Review by Jamahl Epsicokhan

Archer: "Can't you ever give a straight answer?"
Daniels: "Depends on the question."

In brief: Compelling, absorbing, intriguing, convincing. I think the season ends on a high note.

"Shockwave" is bookended with some chilling images that burned themselves into my mind. Those images are enough to elevate an already standout story into the realm of memorable excellence. Trek hasn't absorbed me in this way in some time. And I'm pleased also to report that there's a depth and emotional arc to this story that's convincing.

But more than anything, I think what makes "Shockwave" truly work is its tone of unrelenting weightiness, which is masterfully pitched. I suppose the credit should go largely to Allan Kroeker and the actors, who bring conviction and importance to every scene, in a restrained, understated way — not an easy task.

The episode opens with a startlingly potent image: the surface of a moon being incinerated by a wave of cascading explosions, destroying a mining colony and killing 3,600 people. It's a disaster on a large scale, and initial evidence indicates the Enterprise shuttlepod's plasma emissions accidentally ignited atmospheric gases during a landing approach. The evidence is conflicting; Reed explains in no uncertain terms that procedures to avoid this possibility were followed to a T, even while forensic-like analysis reveals byproducts that could only have been produced by the plasma igniting the atmosphere.

I especially liked that the episode didn't merely use this disaster as a plot launcher, but also as the basis for Archer's soul searching. A quietly effective scene where he silently scrolls through a seemingly endless list of colonist names — with pictures attached — says it all. Archer submerges himself into a pit of self-punishment; as captain, he feels directly responsible for all the deaths.

Meanwhile, news from Starfleet suggests that the Vulcans (particularly at the behest of Ambassador Soval) will use this incident to cancel the Enterprise's mission and try to bottle Starfleet back inside our solar system for the next 10 or 20 years.

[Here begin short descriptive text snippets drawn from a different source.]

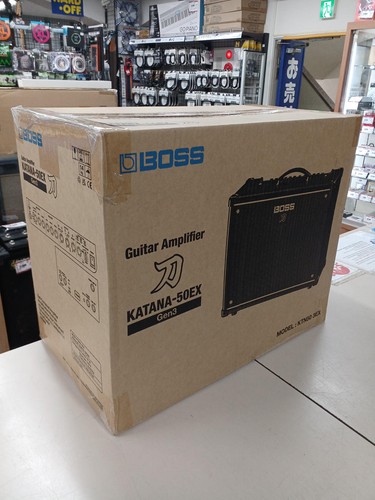 Boss guitar amplifier ktn50 - guitar,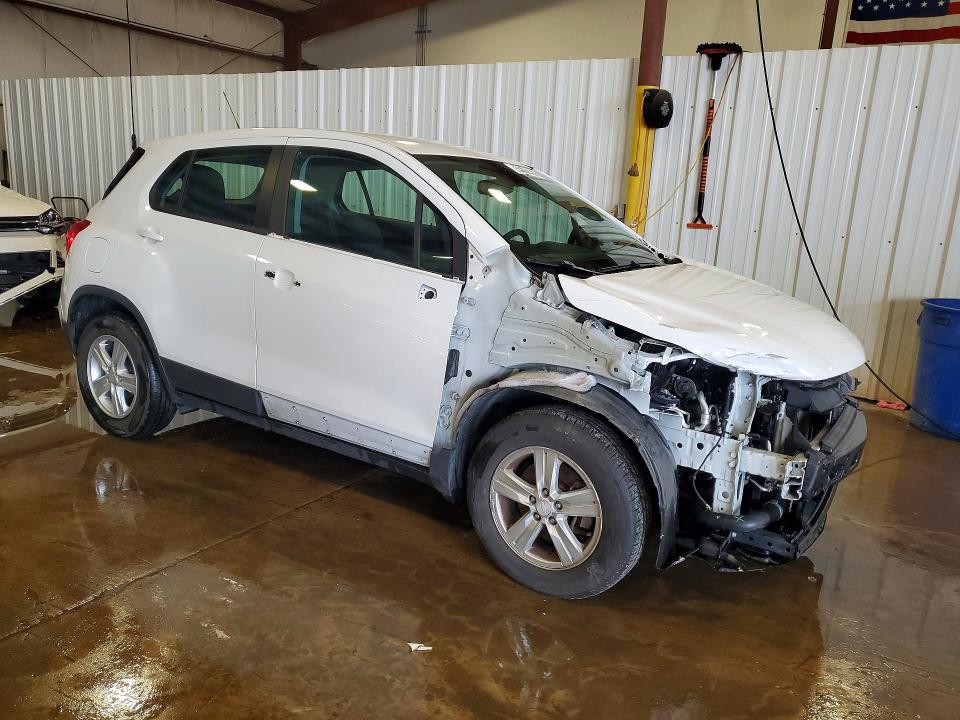 Aukcja sprzedaży 2019 Chevrolet Trax, vin: 3GNCJKSB1KL380807, numer aukcji: 54468396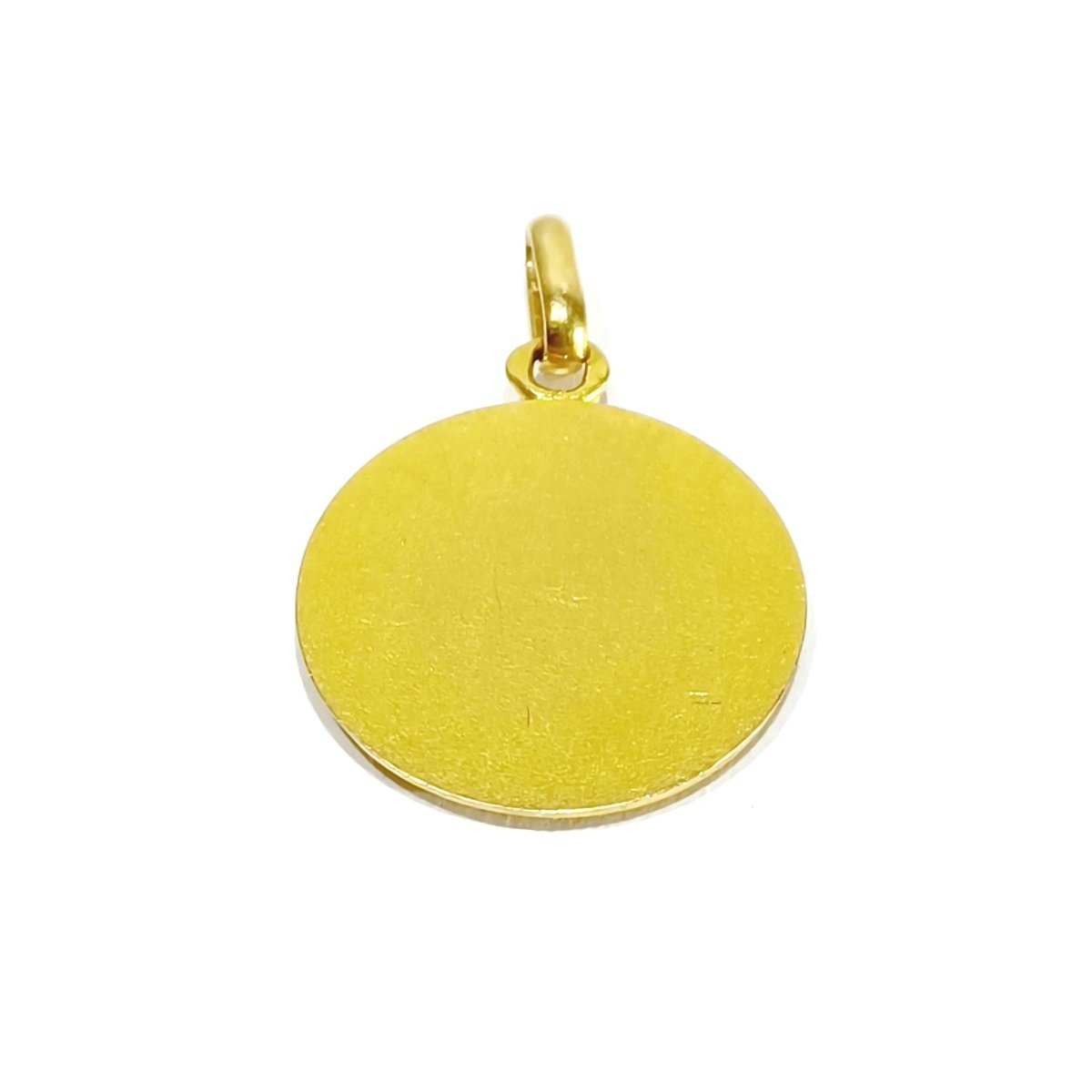 Médaille en or jaune - Castafiore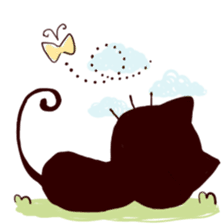 Cutie cat sticker #936295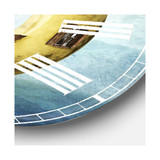 Home Sweet Moon Large Modern Wall Clock - 36" x 28" x 1"
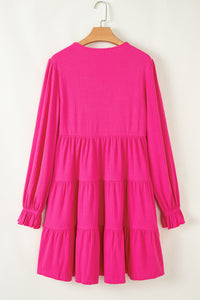 Bohemian Vibrant Mini Dress Styling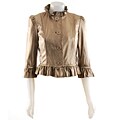 Guess Women's High-waist Leather Jacket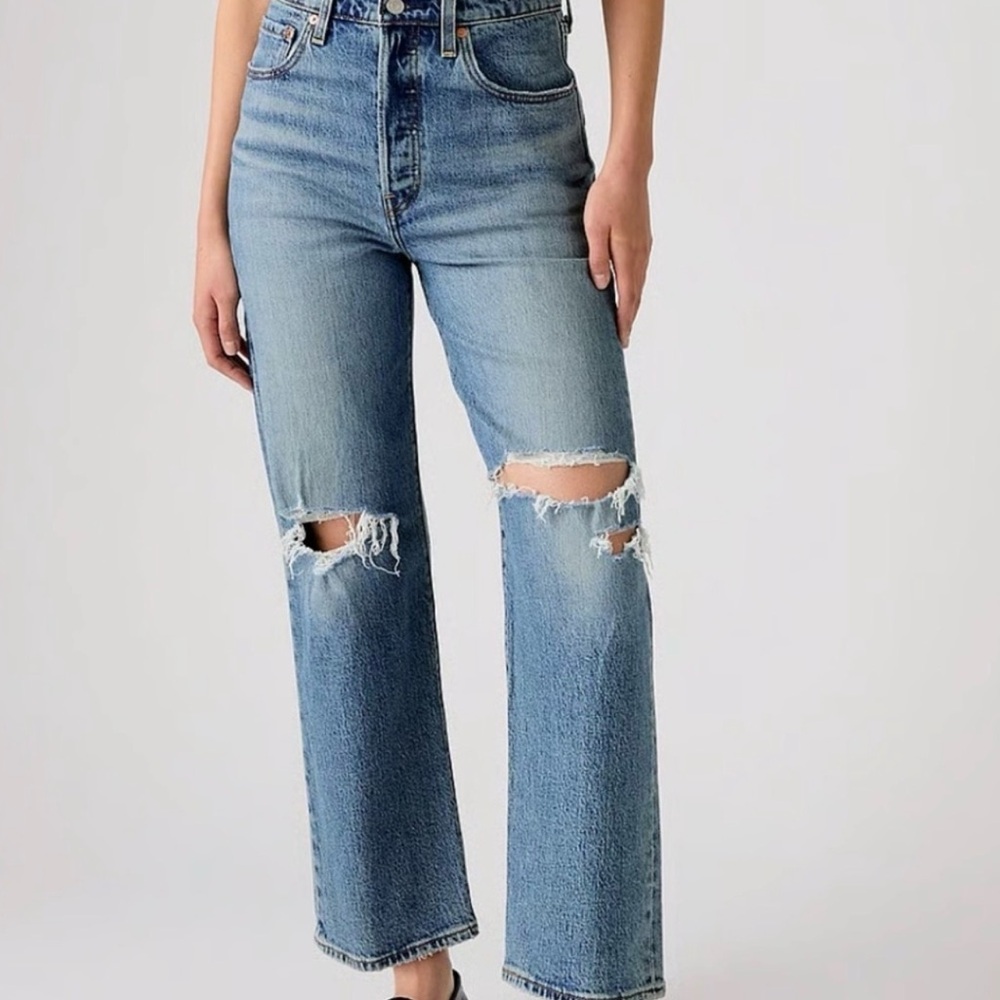Levi's Ribcage Straight Ankle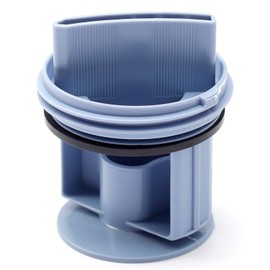 647920 Washer Drain Pump Filter Compatible with Bosch Washing Machine, 00605010 00647920 602008 AP5972227 PS11704964 Drain Pump Coin Trap Fluff Filter Replacement for Thermador Gaggenau
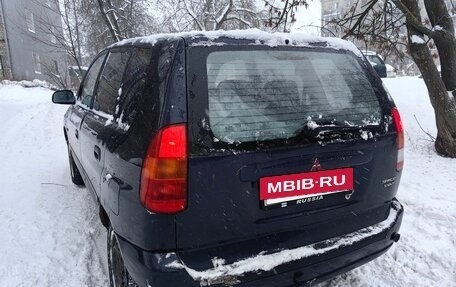 Mitsubishi Space Star I рестайлинг, 1999 год, 199 000 рублей, 7 фотография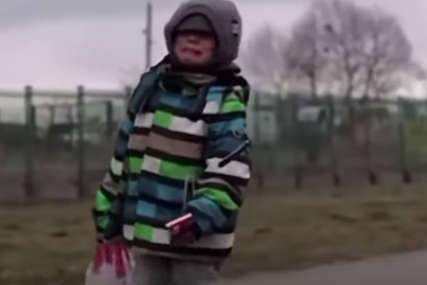 "Dječak iz Ukrajine nije sam prešao granicu" Nakon snimka koji je pokrenuo lavinu oglasila se granična služba Poljske (FOTO, VIDEO)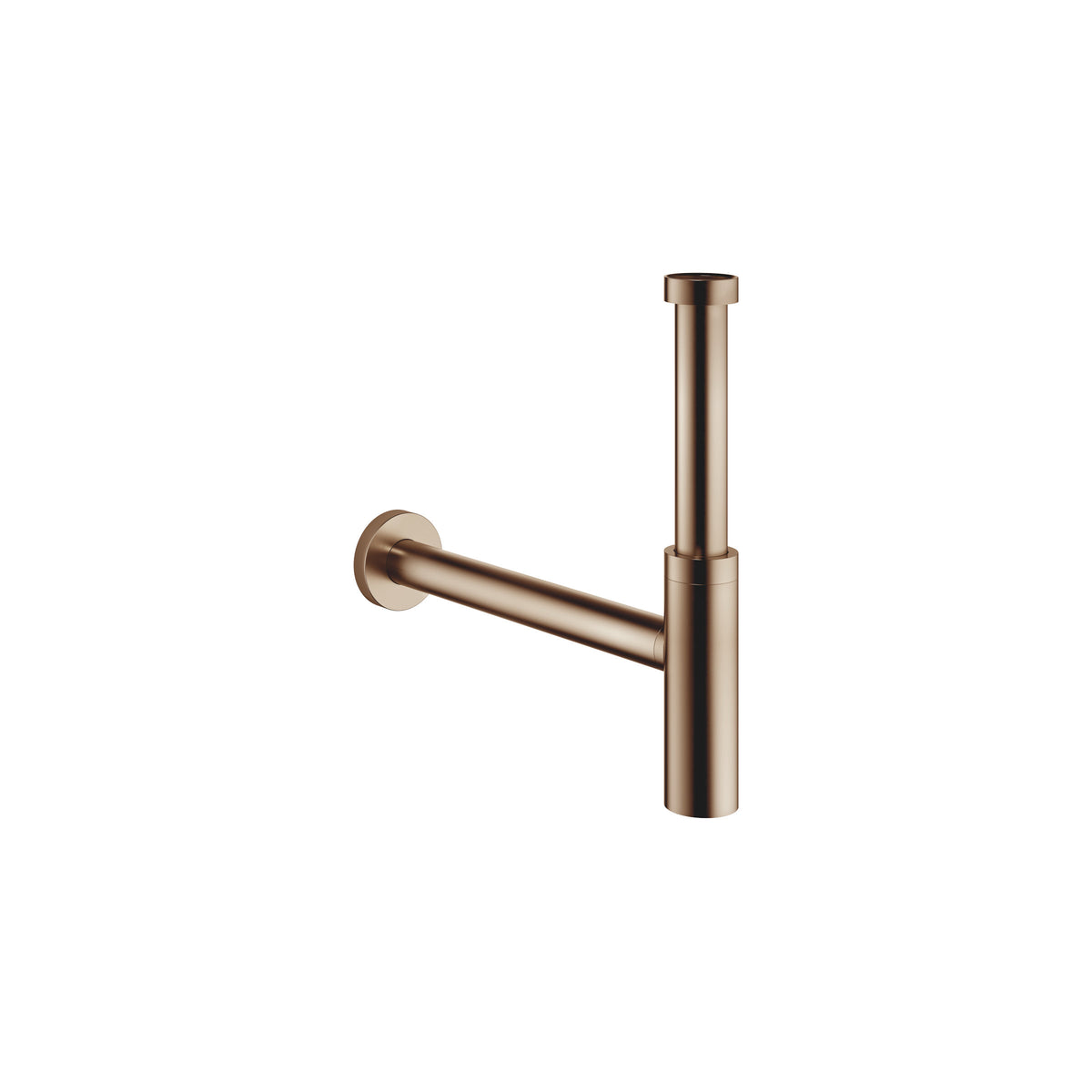 Dornbracht SERIES SPECIFIC Lavabo Sifonu — Fırçalanmış Bronz (PVD)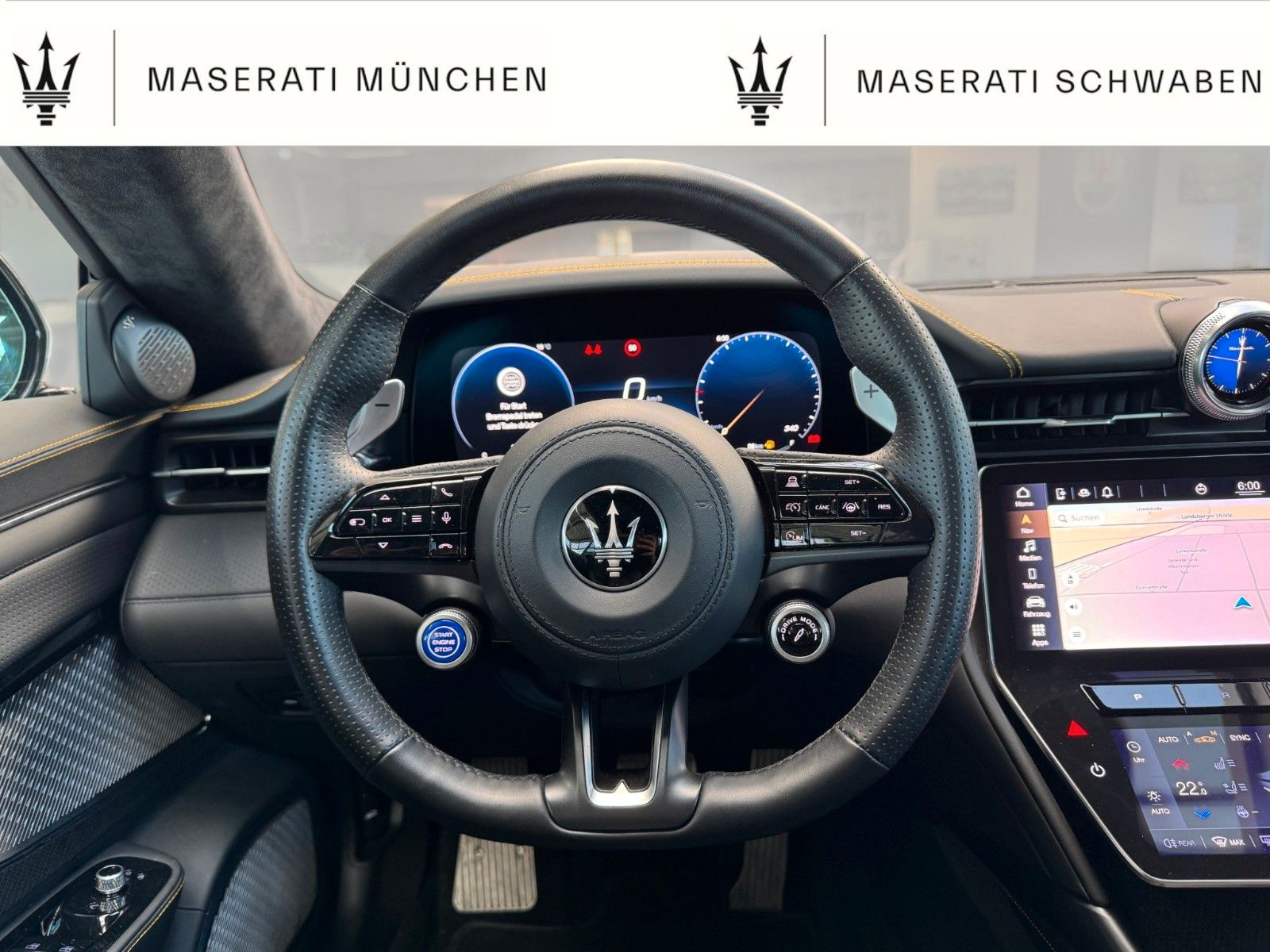 Fahrzeugabbildung Maserati Granturismo Trofeo/Vollausstattung/24mGarantie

Overreaction? Certainly. Someone needs to argue in favor of the value of Enterprise's mission. But being in his guilty pit of self-punishment, Archer seems content to accept whatever is handed down from above without a fight. Trip is in disbelief: "That's guilt talking, not Jonathan Archer."

Even T'Pol recognizes the absurdity in the Vulcans recommending the mission be canceled. She also recognizes that Archer's guilt is getting the best of him, and in a good scene where she shows herself trying to be an effective first officer doing what's best for the mission, she visits Archer in his quarters and asks him bluntly, "Is this what humans call feeling sorry for themselves?"

These notes are played just about perfectly. We can understand Archer's guilty reactions just as we can understand that they must not be allowed to take complete control of him; emotions must not prevail in allowing a knee-jerk verdict go the distance.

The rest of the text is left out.